AVAILABLE DATA below:

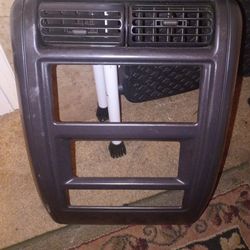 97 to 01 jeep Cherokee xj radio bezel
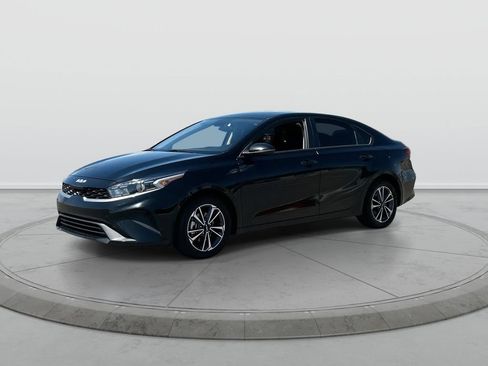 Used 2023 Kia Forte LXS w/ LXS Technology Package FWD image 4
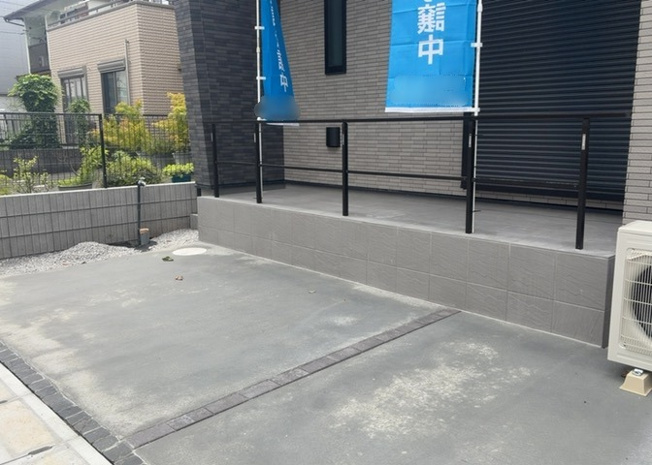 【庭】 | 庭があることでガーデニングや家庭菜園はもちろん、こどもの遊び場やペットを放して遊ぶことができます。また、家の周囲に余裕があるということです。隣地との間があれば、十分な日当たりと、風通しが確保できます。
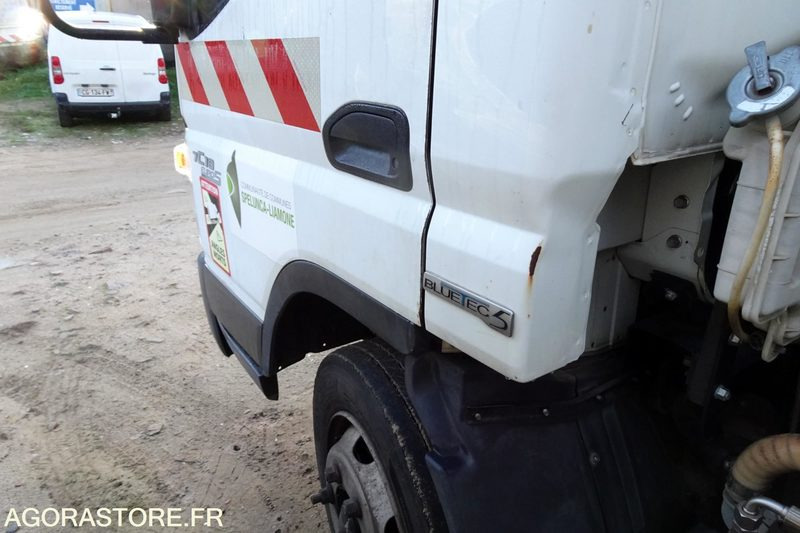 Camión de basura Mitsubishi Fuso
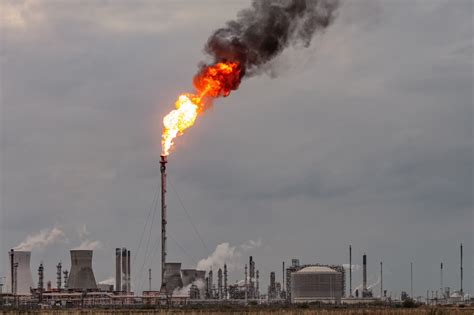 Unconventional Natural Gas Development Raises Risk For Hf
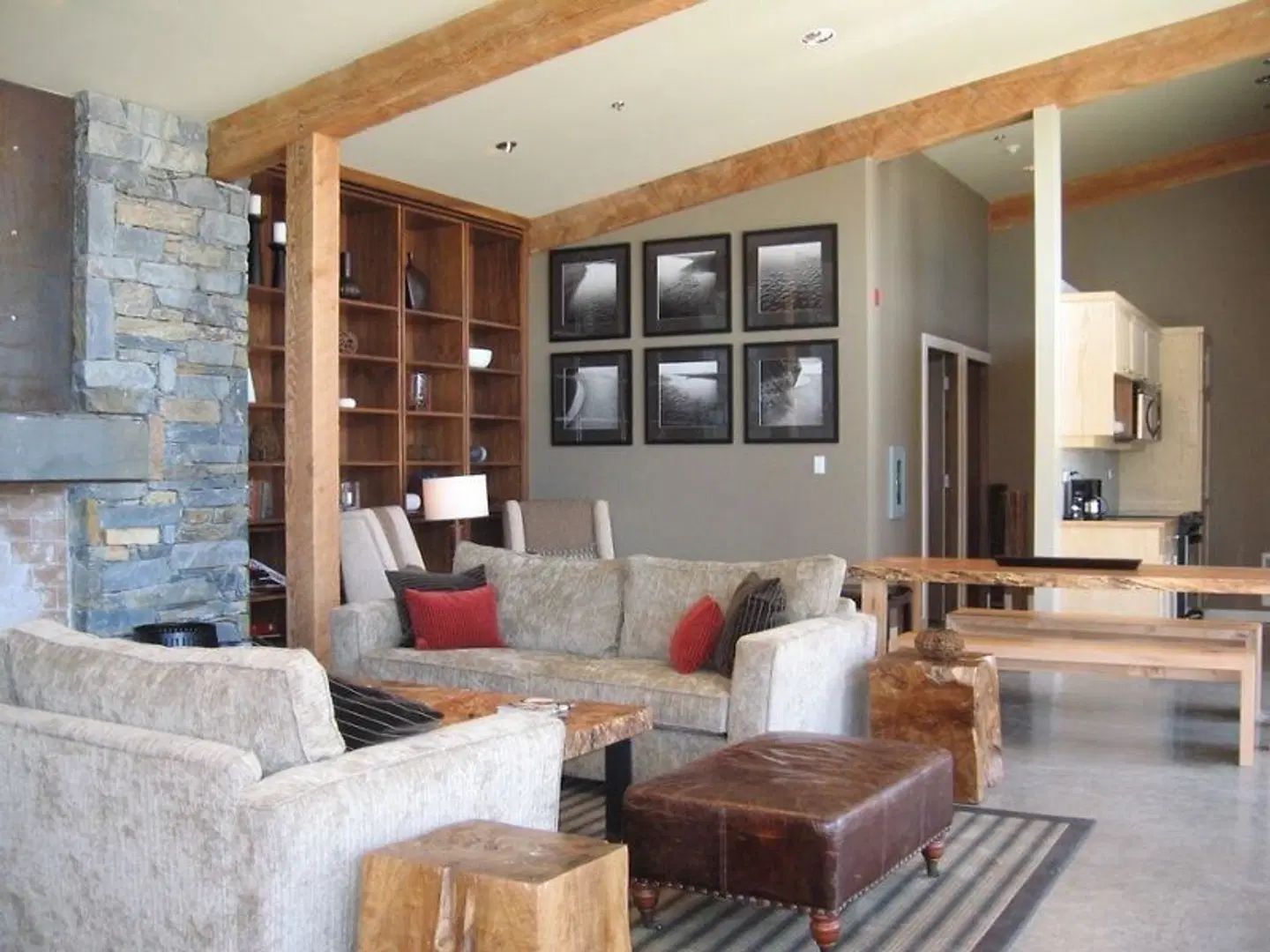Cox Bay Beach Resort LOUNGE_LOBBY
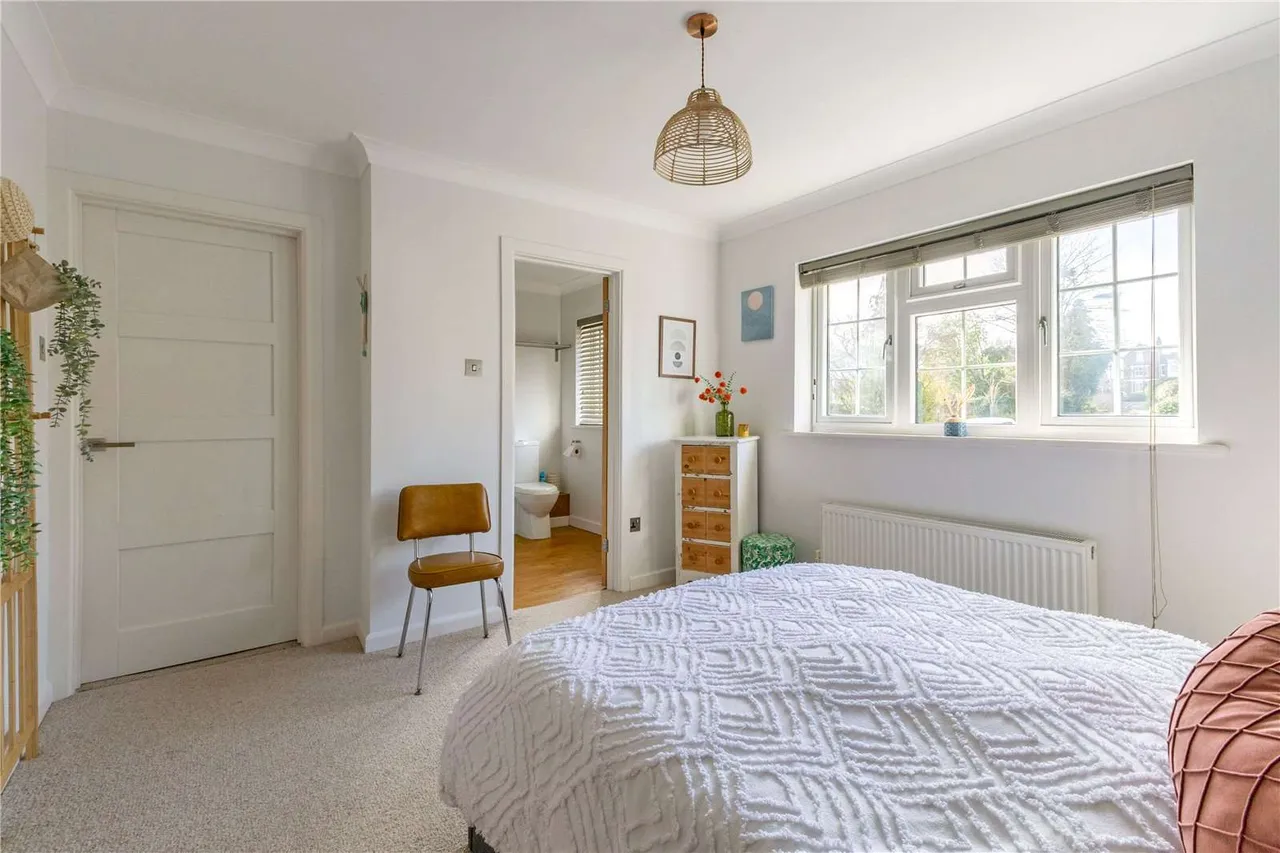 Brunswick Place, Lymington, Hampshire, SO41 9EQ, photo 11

End of AVAILABLE DATA.
AVAILABLE DATA below:

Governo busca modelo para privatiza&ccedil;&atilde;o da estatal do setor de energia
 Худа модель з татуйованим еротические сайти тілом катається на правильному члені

End of AVAILABLE DATA.

▸ **YOUR GOAL**: Copy exactly the material above from the line with "97 to 01 jeep Cherokee xj radio bezel" to the line with "Brunswick Place, Lymington, Hampshire, SO41", ends included, and nothing else. Leave out any picture.

▸ **RESULT**:
 97 to 01 jeep Cherokee xj radio bezel
 Used 2023 Kia Forte LXS w/ LXS Technology Package FWD image 4
 【庭】 | 庭があることでガーデニングや家庭菜園はもちろん、こどもの遊び場やペットを放して遊ぶことができます。また、家の周囲に余裕があるということです。隣地との間があれば、十分な日当たりと、風通しが確保できます。
 Camión de basura Mitsubishi Fuso
 Unconventional Natural Gas Development Raises Risk For Hf
Cox Bay Beach Resort LOUNGE_LOBBY
 Brunswick Place, Lymington, Hampshire, SO41 9EQ, photo 11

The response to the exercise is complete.